In our study, no severe complications occurred and all the patients at final follow-up observations showed an excellent therapeutic effect after surgery according to direct measurement of clinical outcomes. The results showed that there were no significant differences between the ELA and STA groups among different surgeons on the clinical efficacy indicators. Changes in pre- and postoperative VAS and AOFAS scores are both the most direct measurement and rapid evidence of surgical outcomes. Altogether, the application of surgical incision on ELA or STA among surgeons A, B, and C depends on their own experience and preference. According to the clinical indicators, both incisions have comparative curative effects and equivalent precision ratio on patients with type II/III calcaneus fracture because there were no significant differences. They can alleviate patients’ pain and enable them to take their own responsibilities in the society.

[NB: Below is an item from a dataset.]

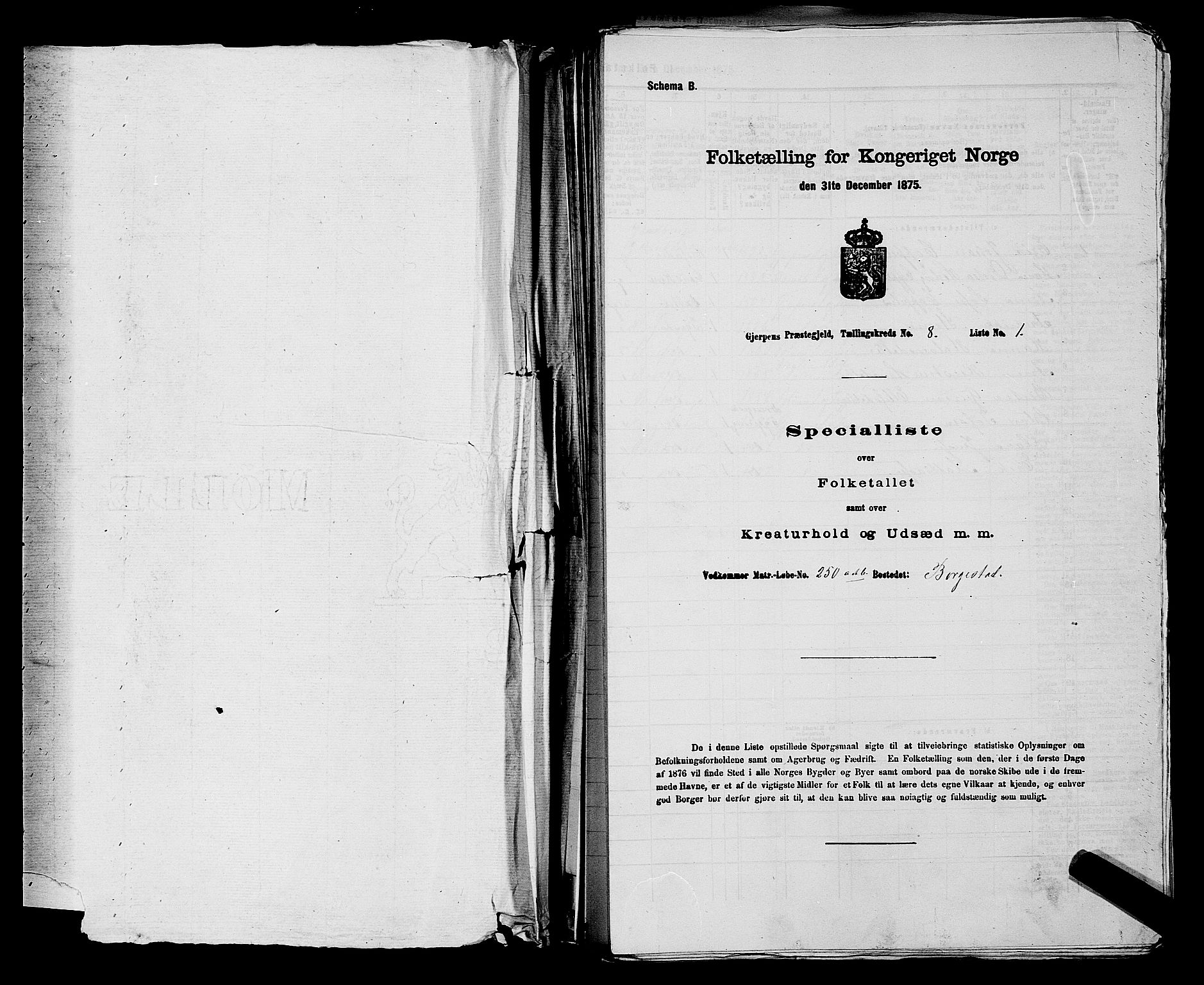 SAKO, 1875 census for 0812P Gjerpen, 1875, p. 1046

The outcome of CUA was presented with gained QALYs, which were enumerated through multiplying the length of hospital stay by HRQoL weight (i.e., utility score) scaled from − 0.11 to 1.00 [46]. Direct elicitation methods, generic preference-based measures, and condition-specific measures were used to evaluate HRQoL. The EQ-5D-3L, regarded as the primary valuation study derived utility scores, are prevalently applied preference-based measures [47,48,49]. In this study, CER and ICERs were the outcomes of economic benefits, which could be comprehended that ICERs indicate how much extra health benefits via ELA can bring compared with via STA, and how much additional expense it will cost.

Consequently, we found no statistically significant differences in overall cost per patient and HRQoL between the two groups, but generally, surgery via ELA incurred much costs than via STA. Similarly, the incremental cost-utility ratio also showed there were no cost-utility benefits comparing the two groups.

Limitation

This study has its own limitations. Firstly, the chief limitation of study is that it is a retrospective cost-utility analysis and randomized clinical trials (RCTs) are insufficient. Therefore, there are inherent defect existing in the study. Secondly, all the data are collected from a sing center, which leads to the fact that the sample size is not adequate and it may result in single center analysis bias. Thirdly, indirect costs including rehabilitation, home care, and further consultation have not been collected as patients may go back to local hospital and produce fees that could not be tracked. Fourthly, only patients classified as Sanders type II/III were focused solely on in the study and future RCTs combined with CUA could emphasize on other types of calcaneus fractures such as Sanders I/IV, malunion, and nonunion. Lastly, there did exist some level of recall bias in patients’ accomplished questionnaires and limitation of all CUA in lacking of uniform methodology to track the preoperative outcome.

Conclusion

Both ELA and STA techniques are effective surgical procedures for the patients with calcaneus fracture. Moreover, STA seems to be more reasonable for its merits including less postoperative pain, fewer expenses of analgesia, and internal fixation materials.